Serbien ist einfach nur ärmer
Moment mal. Hat irgendjemand 2008 ernsthaft in Frage gestellt, dass Serbien den Eurovision Song Contest ausrichtet? Wer jetzt argumentiert, dass Serbien ja nun doch ein bisschen demokratischer sei als Aserbaidschan, der hat leider nicht ganz recht. Serbien ist einfach nur ärmer als die Kaukasusrepublik.
Man könnte sagen, dass sich der Eurosong zum Respekt vor dem guten Geschmack genauso verhält wie Aserbaidschan oder Serbien zum Respekt vor den Menschenrechten.

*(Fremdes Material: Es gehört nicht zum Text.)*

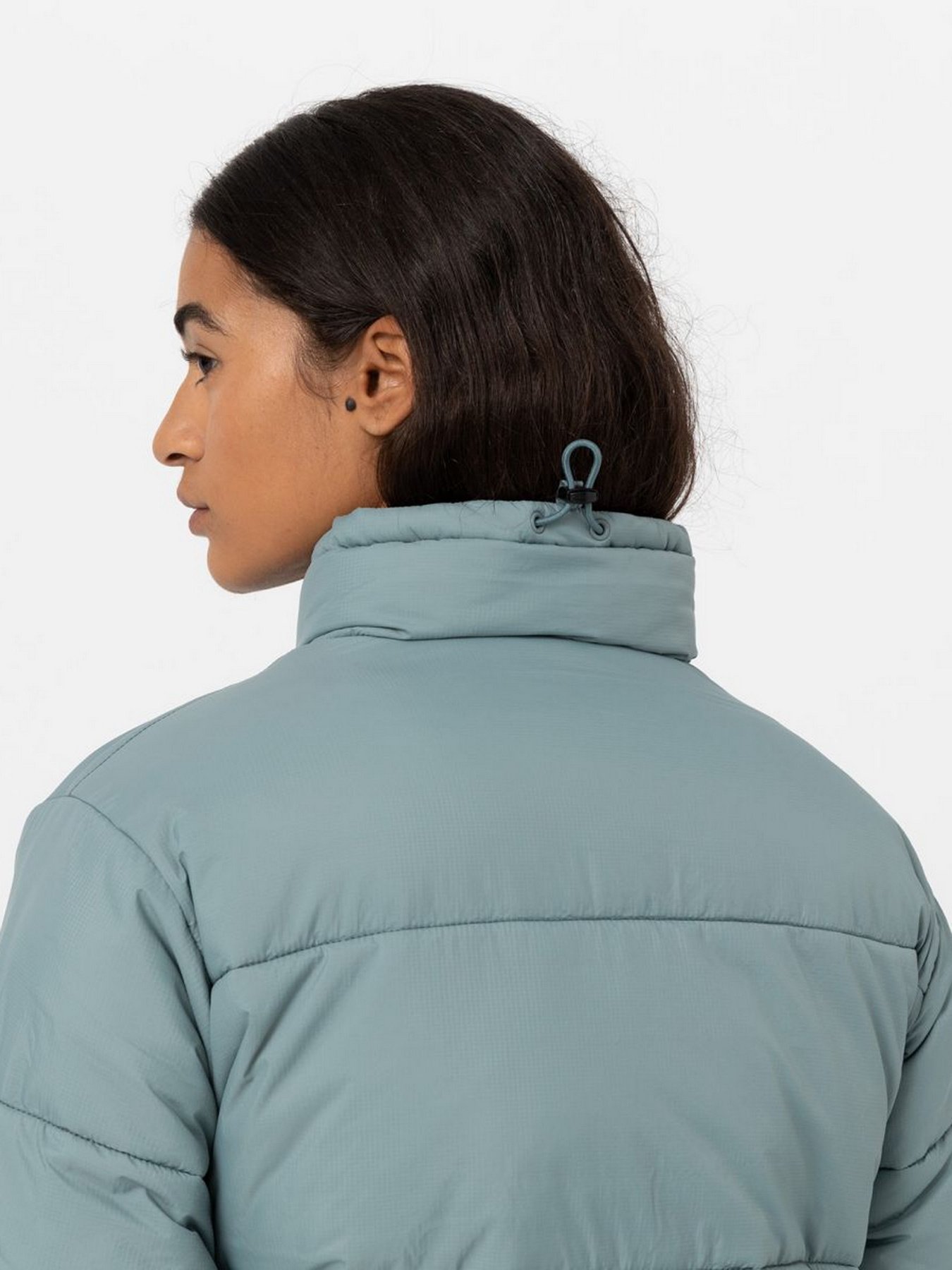 Зимова куртка Dickies Alatna модель DK0A4XP3G071 Фото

Diese Mega-Galaxie des Euro-Kitsch und Euro-Amateurhaften ist eine zutiefst antieuropäische Veranstaltung, denn sie propagiert eine konservative, unendlich konventionelle und dumpfe Ästhetik. Und das nicht nur mit den musikalischen Darbietungen. Es wird eine Geisteshaltung und Weltsicht unterstützt, die mit dem unverzichtbaren Schwenken der Staatsflagge vehement auf die nationale und ethnische Karte setzt.
Und so verstehe ich die Kritiker nicht. Die Eurovision kommt nach Baku, na und? Pest trifft Cholera, das passiert alle Nase lang. Oder um die Bildebene zu wechseln: Godzilla trifft auf King Kong. Seien Sie ehrlich, kann es etwas Aufregenderes und Unterhaltsameres geben?